By Marcus Leach
The vast majority of UK companies claim that the Bribery Act has not significantly affected their ability to do business, a new survey from Ernst & Young has found.
Despite claims at the implementation of the Act in July that the legislation would damage the UK’s competitiveness abroad, new research reveals that just 6% of firms believe the anti-bribery law has affected their ability to do business.
The survey by the firm’s Fraud Investigation & Disputes Services team, coinciding with the UN’s International Anti-Corruption Day today polled 406 chief financial officers, controllers and finance managers at a range of FTSE 100, FTSE 250, mid-size and private firms.
“The Bribery Act has caused organisations to examine how they carry out their business, particularly how they work with third parties for example agents, intermediaries, and distributors. Some businesses however have still not paid heed to the Bribery Act and they are at risk, particularly in their dealings abroad," John Smart, Head of the Fraud Investigation & Dispute Services team said.
“The SFO has a large number of ongoing bribery and corruption investigations and is looking to take its first corporate scalp. Being cognisant of the risk, having detailed knowledge of those acting in your name, and making good decisions about the way you operate abroad goes a long way to protecting your business.”

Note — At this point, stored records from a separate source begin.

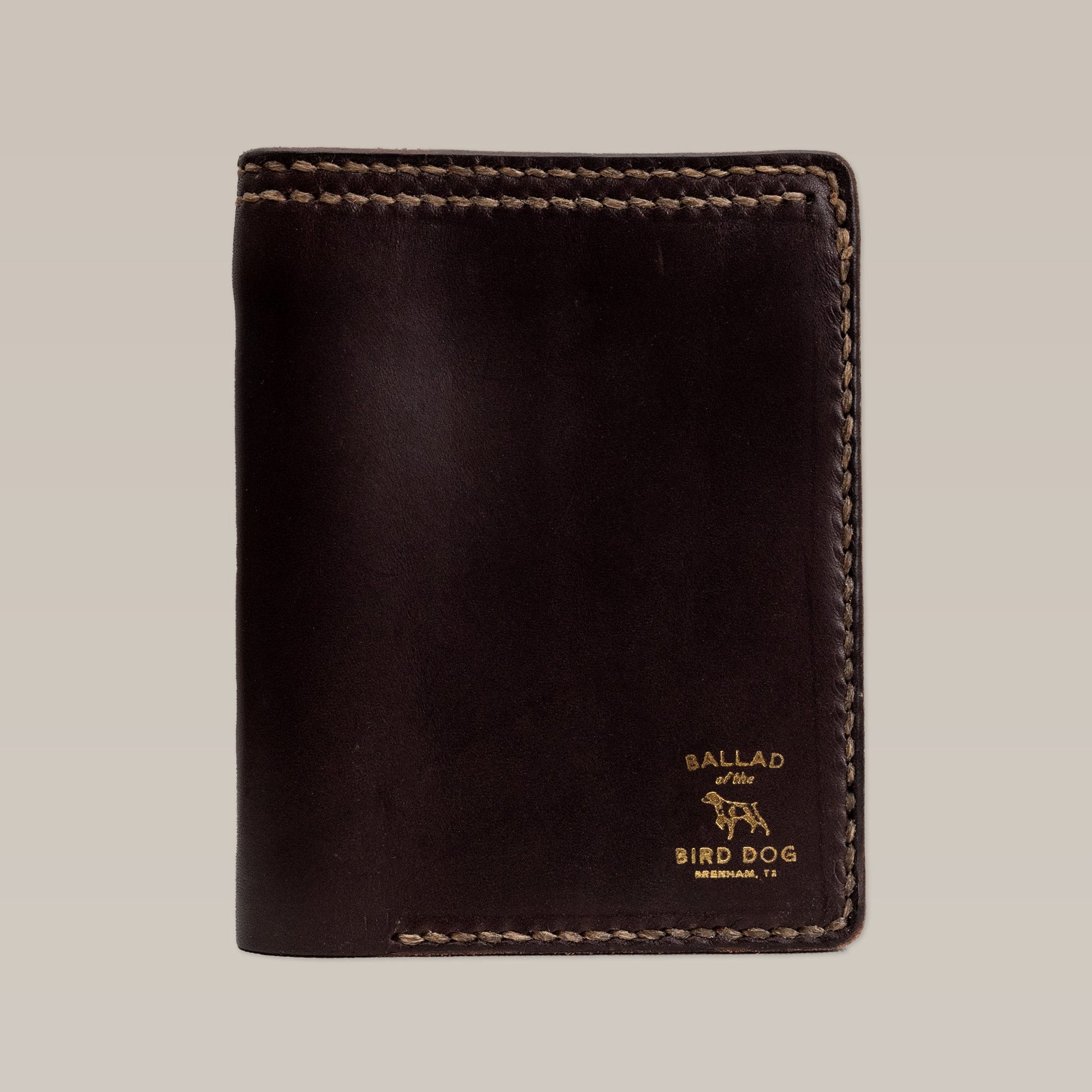 The Leather Wallet | Bi-Fold by Ballad of the Bird Dog is a dark brown leather wallet with visible stitching and a stamped "Ballad of the Bird Dog, Brenham, TX" logo in the bottom right corner.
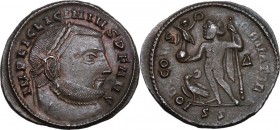 Licinius I (308-324). AE Follis, 313-315 AD. Siscia mint. Head right, laureate. / Jupiter standing left, holding Victory on globe and scepter; to feet...
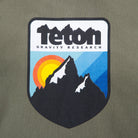 Picture of the logo on the front of the sweatshirt. Shoes the Teton Gravity Research logo with the Grand Tetons and a sunset in the background. #color_Army Green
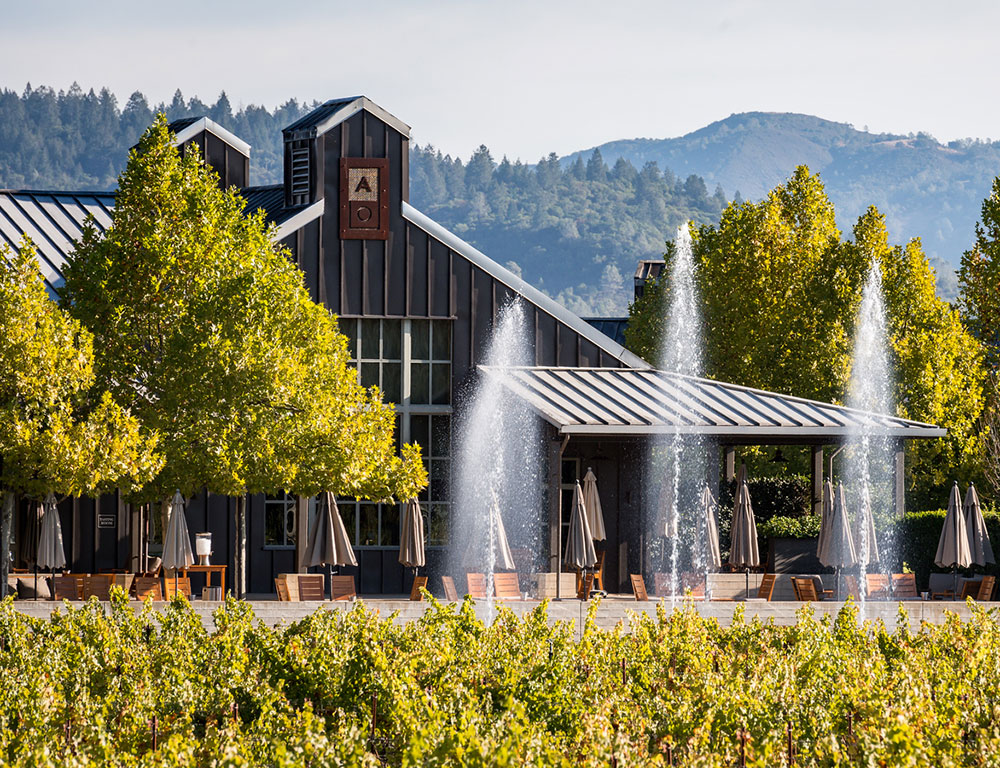 View of Alpha Omega Tasting Room with fountains out front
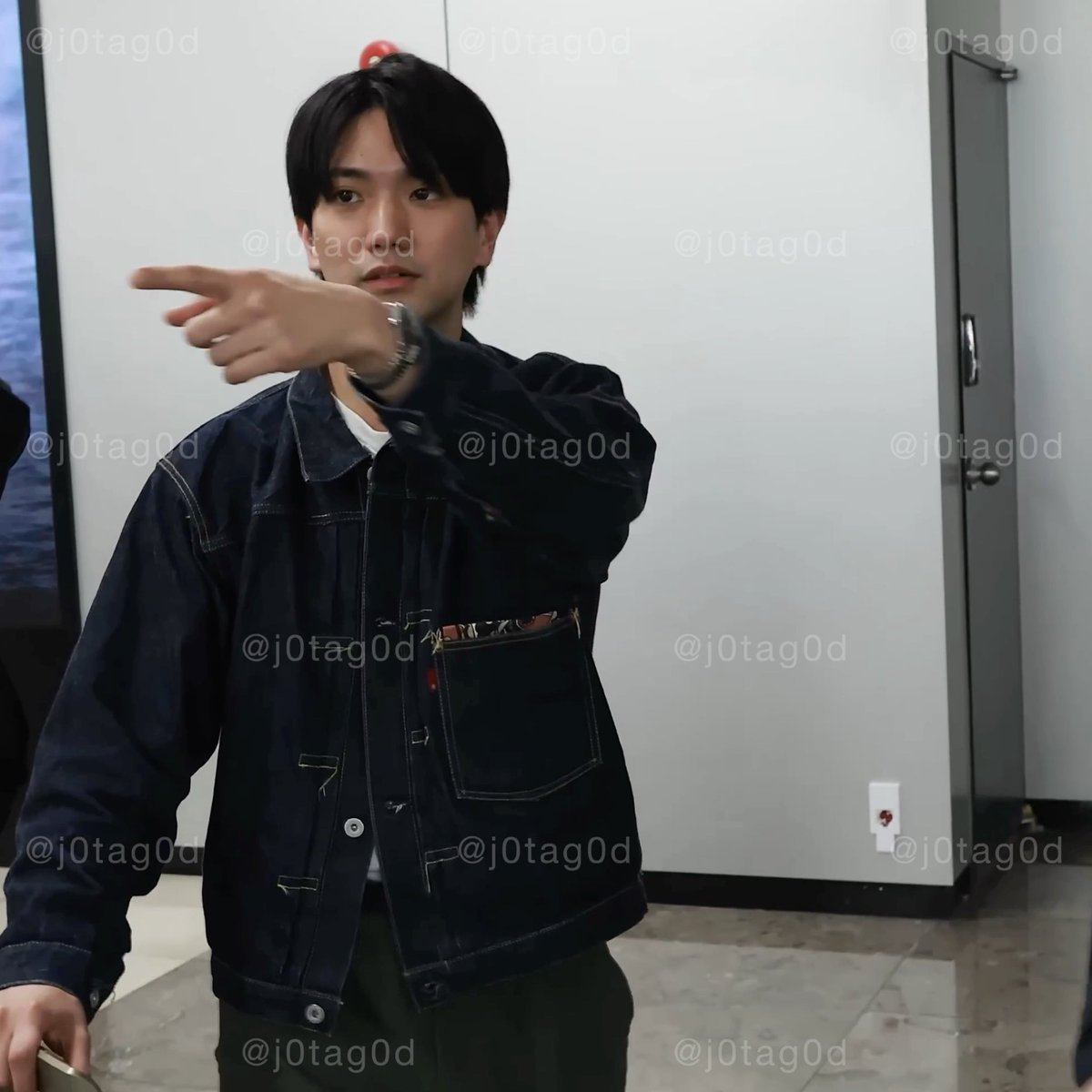 A young man with dark hair wearing a black denim jacket points toward the camera with a serious expression in what appears to be an indoor hallway setting. The image contains repeated "j0tag0d" watermarks across the entire frame, and the Japanese caption translates to criticisms about an unnecessary hand wave and a woman standing in front of someone named Kojiken, suggesting this is likely a screenshot from a behind-the-scenes video that became controversial.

Jonathan Middup, Head of Anti-Bribery and Corruption team added that it is business as usual six months after the Act came into place.
“The good news for UK business, and growth, is that nearly six months on, the Act has not proved to be the costly barrier that some feared it could become," he said.
“The premise that UK businesses need to pay bribes to be competitive abroad is a false one. There is a cost of carrying out risk assessments, amending policies, and implementing training and due diligence procedures but for many well run businesses they have been able to bolt on the extra requirements to good compliance structures that already exist.
"That more than nine out of ten say their business hasn’t been affected reflects this. The next step will be for companies to keep their bribery and corruption programmes fresh. To be protected businesses will need to monitor and review their programmes and ensure that compliance fatigue doesn’t set in.”